REQUIREMENT.
Somewhere in the records below is a line containing "Het vreemde ruimteschip". Copy that line and everything after it through the end, unchanged.

MATERIAL PROVIDED.

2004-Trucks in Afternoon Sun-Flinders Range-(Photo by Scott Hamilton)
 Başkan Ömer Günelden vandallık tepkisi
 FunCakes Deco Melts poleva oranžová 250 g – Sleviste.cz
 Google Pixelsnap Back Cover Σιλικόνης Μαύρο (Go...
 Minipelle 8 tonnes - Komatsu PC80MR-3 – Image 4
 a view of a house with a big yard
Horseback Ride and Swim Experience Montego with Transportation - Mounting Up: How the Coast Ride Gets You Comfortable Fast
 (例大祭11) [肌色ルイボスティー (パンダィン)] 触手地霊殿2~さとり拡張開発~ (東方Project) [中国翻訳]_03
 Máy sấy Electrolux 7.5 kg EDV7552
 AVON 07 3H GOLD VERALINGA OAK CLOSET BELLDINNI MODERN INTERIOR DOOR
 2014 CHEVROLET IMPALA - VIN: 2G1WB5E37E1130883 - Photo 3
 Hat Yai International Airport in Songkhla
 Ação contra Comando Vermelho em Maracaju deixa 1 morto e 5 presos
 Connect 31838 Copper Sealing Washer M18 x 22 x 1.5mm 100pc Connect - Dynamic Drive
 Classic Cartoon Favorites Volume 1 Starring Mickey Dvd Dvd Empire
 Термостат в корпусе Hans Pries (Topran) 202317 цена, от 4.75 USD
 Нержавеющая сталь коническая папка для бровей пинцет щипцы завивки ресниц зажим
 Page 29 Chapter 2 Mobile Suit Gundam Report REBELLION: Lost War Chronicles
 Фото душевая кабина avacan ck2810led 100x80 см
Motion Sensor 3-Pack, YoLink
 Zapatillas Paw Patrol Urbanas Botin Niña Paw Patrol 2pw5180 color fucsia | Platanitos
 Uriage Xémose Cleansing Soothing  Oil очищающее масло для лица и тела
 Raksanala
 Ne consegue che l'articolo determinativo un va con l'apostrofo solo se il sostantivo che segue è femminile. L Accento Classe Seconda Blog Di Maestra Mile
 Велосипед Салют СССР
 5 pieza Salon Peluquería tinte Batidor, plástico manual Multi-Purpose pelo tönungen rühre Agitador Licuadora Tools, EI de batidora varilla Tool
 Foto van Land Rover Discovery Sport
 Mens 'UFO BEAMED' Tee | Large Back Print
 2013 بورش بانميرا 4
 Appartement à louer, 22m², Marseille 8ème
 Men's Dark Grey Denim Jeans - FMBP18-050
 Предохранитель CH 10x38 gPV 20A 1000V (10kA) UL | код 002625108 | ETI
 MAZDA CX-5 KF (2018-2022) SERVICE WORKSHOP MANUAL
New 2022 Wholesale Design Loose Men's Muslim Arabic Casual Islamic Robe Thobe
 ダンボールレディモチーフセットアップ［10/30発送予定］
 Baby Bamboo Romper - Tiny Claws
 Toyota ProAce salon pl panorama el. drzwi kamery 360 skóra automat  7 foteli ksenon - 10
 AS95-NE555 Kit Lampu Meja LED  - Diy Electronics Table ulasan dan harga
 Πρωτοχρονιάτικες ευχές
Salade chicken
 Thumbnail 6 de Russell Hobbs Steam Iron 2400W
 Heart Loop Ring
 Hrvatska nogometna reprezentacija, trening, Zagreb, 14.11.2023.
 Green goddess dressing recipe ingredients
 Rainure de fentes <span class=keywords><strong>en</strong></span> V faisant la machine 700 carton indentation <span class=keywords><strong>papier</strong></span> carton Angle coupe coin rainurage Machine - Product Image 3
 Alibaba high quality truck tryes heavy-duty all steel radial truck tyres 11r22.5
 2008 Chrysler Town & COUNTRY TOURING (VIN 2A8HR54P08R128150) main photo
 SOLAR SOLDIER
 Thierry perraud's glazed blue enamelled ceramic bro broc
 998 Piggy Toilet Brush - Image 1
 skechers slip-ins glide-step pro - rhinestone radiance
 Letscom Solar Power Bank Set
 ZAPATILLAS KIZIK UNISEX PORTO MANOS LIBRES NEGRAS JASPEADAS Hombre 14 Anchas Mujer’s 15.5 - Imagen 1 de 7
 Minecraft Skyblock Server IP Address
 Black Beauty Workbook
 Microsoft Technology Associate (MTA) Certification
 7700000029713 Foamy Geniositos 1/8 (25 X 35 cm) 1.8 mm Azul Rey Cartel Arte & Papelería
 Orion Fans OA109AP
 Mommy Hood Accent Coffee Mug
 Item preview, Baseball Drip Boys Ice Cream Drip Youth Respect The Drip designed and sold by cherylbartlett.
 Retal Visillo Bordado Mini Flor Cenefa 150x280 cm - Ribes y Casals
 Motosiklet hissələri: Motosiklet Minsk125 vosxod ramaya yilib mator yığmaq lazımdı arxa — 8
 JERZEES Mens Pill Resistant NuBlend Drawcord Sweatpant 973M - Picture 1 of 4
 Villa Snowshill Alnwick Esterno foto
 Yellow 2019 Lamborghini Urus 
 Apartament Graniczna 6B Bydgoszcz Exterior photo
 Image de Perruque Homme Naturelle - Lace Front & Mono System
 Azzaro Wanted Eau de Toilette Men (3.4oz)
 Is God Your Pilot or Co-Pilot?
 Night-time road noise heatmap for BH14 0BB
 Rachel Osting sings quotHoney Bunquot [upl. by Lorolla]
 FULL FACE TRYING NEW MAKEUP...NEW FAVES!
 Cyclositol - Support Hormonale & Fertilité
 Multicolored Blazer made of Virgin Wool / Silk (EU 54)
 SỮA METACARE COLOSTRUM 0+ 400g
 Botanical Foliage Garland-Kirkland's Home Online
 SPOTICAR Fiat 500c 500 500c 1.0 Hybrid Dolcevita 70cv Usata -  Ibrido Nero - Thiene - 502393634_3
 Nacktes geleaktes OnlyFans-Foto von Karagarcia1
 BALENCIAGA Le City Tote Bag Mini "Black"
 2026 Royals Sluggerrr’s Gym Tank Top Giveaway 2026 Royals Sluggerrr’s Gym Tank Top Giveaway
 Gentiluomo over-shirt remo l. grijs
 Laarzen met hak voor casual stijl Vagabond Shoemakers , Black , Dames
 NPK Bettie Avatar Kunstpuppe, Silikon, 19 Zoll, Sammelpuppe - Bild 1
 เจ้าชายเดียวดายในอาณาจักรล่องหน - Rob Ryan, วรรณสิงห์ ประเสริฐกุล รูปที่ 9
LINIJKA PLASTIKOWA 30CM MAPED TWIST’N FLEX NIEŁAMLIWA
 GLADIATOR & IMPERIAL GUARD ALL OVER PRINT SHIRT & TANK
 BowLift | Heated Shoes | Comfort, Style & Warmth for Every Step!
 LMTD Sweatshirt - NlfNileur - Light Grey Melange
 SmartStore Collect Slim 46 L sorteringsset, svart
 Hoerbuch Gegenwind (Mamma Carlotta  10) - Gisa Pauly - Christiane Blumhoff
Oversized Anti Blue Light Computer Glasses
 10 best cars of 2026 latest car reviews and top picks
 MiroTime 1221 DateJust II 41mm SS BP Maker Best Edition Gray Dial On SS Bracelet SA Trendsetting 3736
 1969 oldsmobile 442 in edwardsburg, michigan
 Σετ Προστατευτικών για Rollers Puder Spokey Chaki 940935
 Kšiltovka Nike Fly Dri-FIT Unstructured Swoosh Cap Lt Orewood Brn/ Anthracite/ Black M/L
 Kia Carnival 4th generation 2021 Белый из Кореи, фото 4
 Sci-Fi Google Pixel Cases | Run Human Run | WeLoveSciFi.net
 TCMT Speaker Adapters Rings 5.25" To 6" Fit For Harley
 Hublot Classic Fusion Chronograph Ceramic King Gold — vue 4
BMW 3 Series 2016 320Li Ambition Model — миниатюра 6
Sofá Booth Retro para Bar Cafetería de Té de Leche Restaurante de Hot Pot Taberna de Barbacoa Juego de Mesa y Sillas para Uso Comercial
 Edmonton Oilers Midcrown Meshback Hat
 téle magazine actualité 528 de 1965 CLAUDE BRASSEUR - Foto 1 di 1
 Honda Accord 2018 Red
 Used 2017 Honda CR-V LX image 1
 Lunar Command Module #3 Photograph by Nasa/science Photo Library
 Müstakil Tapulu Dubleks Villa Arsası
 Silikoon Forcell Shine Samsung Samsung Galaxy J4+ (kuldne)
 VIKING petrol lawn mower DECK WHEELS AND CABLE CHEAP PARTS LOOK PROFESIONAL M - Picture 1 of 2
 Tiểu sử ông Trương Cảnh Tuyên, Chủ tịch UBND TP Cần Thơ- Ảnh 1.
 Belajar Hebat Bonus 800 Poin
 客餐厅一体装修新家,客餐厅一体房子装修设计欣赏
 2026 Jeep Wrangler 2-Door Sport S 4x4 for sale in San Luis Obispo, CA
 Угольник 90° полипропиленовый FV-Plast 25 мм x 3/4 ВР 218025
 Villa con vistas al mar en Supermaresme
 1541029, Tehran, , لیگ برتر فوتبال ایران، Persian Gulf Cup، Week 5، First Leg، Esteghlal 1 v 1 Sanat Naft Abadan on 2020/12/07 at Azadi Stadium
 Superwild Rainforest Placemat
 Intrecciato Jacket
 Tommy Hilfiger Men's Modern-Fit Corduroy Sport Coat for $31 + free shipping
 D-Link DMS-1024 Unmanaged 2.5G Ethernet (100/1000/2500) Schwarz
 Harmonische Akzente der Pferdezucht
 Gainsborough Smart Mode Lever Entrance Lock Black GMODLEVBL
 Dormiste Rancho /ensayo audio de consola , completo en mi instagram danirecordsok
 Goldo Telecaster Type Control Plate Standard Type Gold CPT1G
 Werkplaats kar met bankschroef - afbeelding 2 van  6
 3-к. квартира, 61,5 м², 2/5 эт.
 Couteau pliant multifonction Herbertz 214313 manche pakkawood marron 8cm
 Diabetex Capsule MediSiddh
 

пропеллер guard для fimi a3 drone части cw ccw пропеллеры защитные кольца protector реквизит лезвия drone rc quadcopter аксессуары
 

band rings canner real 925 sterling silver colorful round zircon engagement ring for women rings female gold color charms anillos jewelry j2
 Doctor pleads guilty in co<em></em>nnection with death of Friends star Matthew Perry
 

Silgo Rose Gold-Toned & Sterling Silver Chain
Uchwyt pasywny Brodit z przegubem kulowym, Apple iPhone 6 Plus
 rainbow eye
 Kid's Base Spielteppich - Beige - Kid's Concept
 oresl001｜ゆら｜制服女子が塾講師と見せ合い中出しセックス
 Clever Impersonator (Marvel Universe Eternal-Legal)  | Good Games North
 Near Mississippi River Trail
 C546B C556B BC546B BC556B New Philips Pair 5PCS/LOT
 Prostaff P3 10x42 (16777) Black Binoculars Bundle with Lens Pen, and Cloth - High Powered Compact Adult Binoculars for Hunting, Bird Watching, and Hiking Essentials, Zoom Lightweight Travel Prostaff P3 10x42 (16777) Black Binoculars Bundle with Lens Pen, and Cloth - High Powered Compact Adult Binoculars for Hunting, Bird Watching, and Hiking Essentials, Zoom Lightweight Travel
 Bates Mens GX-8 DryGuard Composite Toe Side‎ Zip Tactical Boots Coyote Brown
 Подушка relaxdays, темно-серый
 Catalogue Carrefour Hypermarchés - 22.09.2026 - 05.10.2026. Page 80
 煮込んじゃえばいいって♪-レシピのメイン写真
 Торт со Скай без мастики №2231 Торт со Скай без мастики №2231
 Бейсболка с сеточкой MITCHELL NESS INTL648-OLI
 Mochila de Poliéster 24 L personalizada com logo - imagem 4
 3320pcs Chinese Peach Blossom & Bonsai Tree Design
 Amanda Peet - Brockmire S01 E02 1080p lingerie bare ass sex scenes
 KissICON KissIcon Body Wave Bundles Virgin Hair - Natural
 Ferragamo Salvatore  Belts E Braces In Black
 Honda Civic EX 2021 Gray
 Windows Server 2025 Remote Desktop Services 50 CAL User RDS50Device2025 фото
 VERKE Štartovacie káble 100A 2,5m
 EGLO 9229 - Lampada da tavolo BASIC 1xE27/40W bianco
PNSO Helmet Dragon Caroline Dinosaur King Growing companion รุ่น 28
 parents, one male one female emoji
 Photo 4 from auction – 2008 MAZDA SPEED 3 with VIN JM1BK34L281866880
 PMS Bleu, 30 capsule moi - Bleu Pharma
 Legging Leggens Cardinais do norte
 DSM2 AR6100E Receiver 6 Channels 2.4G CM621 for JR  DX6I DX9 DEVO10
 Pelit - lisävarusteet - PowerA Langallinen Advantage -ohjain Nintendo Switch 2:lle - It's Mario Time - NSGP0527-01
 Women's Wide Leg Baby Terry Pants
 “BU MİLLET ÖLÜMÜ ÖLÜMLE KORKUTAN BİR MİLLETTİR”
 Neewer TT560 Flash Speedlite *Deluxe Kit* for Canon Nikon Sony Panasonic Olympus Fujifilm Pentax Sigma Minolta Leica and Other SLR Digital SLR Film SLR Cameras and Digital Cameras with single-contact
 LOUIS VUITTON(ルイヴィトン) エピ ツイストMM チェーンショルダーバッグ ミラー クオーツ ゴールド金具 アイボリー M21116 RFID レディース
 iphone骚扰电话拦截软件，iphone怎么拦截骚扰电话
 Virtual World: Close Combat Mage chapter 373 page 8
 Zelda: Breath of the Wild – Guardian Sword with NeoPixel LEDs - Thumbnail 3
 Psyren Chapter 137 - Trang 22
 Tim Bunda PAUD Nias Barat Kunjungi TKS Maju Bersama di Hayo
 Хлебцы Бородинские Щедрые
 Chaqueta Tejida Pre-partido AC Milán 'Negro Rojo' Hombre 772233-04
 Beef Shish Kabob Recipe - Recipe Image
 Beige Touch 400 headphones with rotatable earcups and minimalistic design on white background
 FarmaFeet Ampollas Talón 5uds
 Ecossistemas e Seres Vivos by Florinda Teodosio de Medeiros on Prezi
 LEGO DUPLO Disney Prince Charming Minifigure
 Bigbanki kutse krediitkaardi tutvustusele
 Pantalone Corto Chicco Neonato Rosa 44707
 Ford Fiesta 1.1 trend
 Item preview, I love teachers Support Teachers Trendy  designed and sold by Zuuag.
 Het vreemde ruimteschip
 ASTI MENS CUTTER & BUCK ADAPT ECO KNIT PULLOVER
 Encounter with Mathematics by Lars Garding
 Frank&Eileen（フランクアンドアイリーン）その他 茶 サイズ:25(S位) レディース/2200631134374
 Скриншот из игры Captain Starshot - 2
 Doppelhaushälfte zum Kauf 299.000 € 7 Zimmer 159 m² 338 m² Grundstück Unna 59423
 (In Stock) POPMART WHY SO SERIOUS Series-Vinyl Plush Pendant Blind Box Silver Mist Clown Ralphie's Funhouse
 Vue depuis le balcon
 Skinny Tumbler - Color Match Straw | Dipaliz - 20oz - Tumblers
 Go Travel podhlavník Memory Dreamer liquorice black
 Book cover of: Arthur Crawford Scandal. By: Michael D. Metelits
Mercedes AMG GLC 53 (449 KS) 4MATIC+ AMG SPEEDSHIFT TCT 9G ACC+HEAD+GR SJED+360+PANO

THE COMPLETED TASK.
 Het vreemde ruimteschip
 ASTI MENS CUTTER & BUCK ADAPT ECO KNIT PULLOVER
 Encounter with Mathematics by Lars Garding
 Frank&Eileen（フランクアンドアイリーン）その他 茶 サイズ:25(S位) レディース/2200631134374
 Скриншот из игры Captain Starshot - 2
 Doppelhaushälfte zum Kauf 299.000 € 7 Zimmer 159 m² 338 m² Grundstück Unna 59423
 (In Stock) POPMART WHY SO SERIOUS Series-Vinyl Plush Pendant Blind Box Silver Mist Clown Ralphie's Funhouse
 Vue depuis le balcon
 Skinny Tumbler - Color Match Straw | Dipaliz - 20oz - Tumblers
 Go Travel podhlavník Memory Dreamer liquorice black
 Book cover of: Arthur Crawford Scandal. By: Michael D. Metelits
Mercedes AMG GLC 53 (449 KS) 4MATIC+ AMG SPEEDSHIFT TCT 9G ACC+HEAD+GR SJED+360+PANO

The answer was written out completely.